While the container engine sets these automatically when using the NCCL hook, the following environment variables should always be set for correctness and optimal performance when using NCCL:

# This forces NCCL to use the libfabric plugin, enabling full use of the
# Slingshot network. If the plugin can not be found, applications will fail to
# start. With the default value, applications would instead fall back to e.g.
# TCP, which would be significantly slower than with the plugin.

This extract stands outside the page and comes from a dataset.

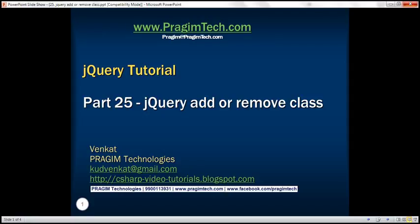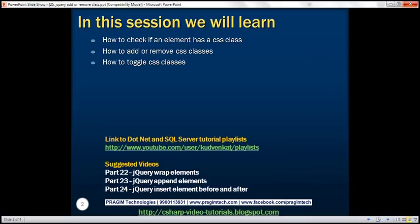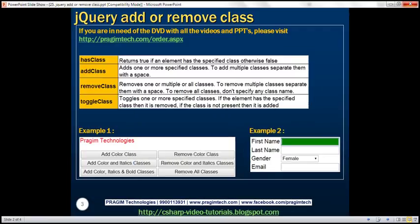This is part 25 of the jQuery tutorial. In this video, we'll discuss how to check if an element has a specific CSS class, how to add or remove CSS classes, and how to toggle CSS classes. Let's understand all these jQuery class methods with an example.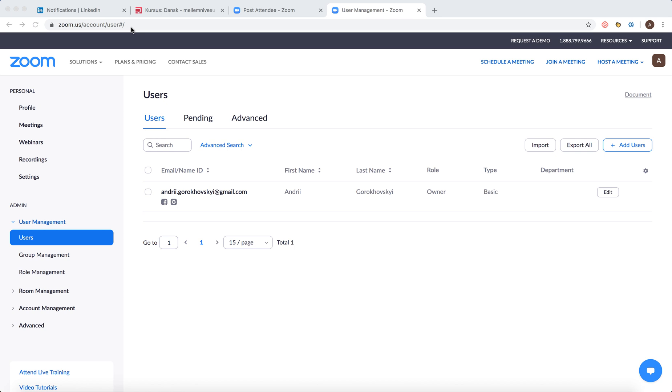You need to go there and then login with your email. And then you need to go here in the admin part on the left and click users.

More information
# about `NCCL_NET` can be found at:
# https://docs.nvidia.com/deeplearning/nccl/user-guide/docs/env.html#nccl-net
export NCCL_NET="AWS Libfabric"
# Use GPU Direct RDMA when GPU and NIC are on the same NUMA node. More
# information about `NCCL_NET_GDR_LEVEL` can be found at:
# https://docs.nvidia.com/deeplearning/nccl/user-guide/docs/env.html#nccl-net-gdr-level-formerly-nccl-ib-gdr-level
export NCCL_NET_GDR_LEVEL=PHB
export NCCL_CROSS_NIC=1
# These `FI` (libfabric) environment variables have been found to give the best
# performance on the Alps network across a wide range of applications. Specific
# applications may perform better with other values.
export FI_CXI_DEFAULT_CQ_SIZE=131072
export FI_CXI_DEFAULT_TX_SIZE=32768
export FI_CXI_DISABLE_HOST_REGISTER=1
export FI_CXI_RX_MATCH_MODE=software
export FI_MR_CACHE_MONITOR=userfaultfd

Using NCCL with uenvs

The environment variables listed above are not set automatically when using uenvs.

GPU-aware MPI with NCCL

Using GPU-aware MPI together with NCCL can easily lead to deadlocks. Unless care is taken to ensure that the two methods of communication are not used concurrently, we recommend not using GPU-aware MPI with NCCL. To explicitly disable GPU-aware MPI with Cray MPICH, explicitly set MPICH_GPU_SUPPORT_ENABLED=0. Note that this option may be set to 1 by default on some Alps clusters. See the Cray MPICH documentation for more details on GPU-aware MPI with Cray MPICH.

invalid usage error with NCCL_NET="AWS Libfabric"

If you are getting error messages such as:

nid006352: Test NCCL failure common.cu:958 'invalid usage (run with NCCL_DEBUG=WARN for details)

this may be due to the plugin not being found by NCCL. If this is the case, running the application with the recommended NCCL_DEBUG=WARN should print something similar to the following:

nid006352:34157:34217 [1] net.cc:626 NCCL WARN Error: network AWS Libfabric not found.

When using uenvs like prgenv-gnu, make sure you are either using the default view which loads aws-ofi-nccl automatically, or, if using the modules view, load the aws-ofi-nccl module with module load aws-ofi-nccl. If the plugin is found correctly, running the application with NCCL_DEBUG=INFO should print:

nid006352:34610:34631 [0] NCCL INFO Using network AWS Libfabric

Do not use NCCL_NET_PLUGIN="ofi" with uenvs

NCCL has an alternative way of specifying what plugin to use: NCCL_NET_PLUGIN. When using uenvs, do not set NCCL_NET_PLUGIN="ofi" instead of, or in addition to, NCCL_NET="AWS Libfabric". If you do, your application will fail to start since NCCL will:

fail to find the plugin because of the name of the shared library in the uenv, and
prefer NCCL_NET_PLUGIN over NCCL_NET, so it will fail to find the plugin even if NCCL_NET="AWS Libfabric" is correctly set.

When both environment variables are set the error message, with NCCL_DEBUG=WARN, will look similar to when the plugin isn't available:

nid006365:179857:179897 [1] net.cc:626 NCCL WARN Error: network AWS Libfabric not found.

With NCCL_DEBUG=INFO, NCCL will print:

nid006365:180142:180163 [0] NCCL INFO NET/Plugin: Could not find: ofi libnccl-net-ofi.so. Using internal network plugin.
...
nid006365:180142:180163 [0] net.cc:626 NCCL WARN Error: network AWS Libfabric not found.

If you only set NCCL_NET="ofi", NCCL may silently fail to load the plugin but fall back to the default implementation.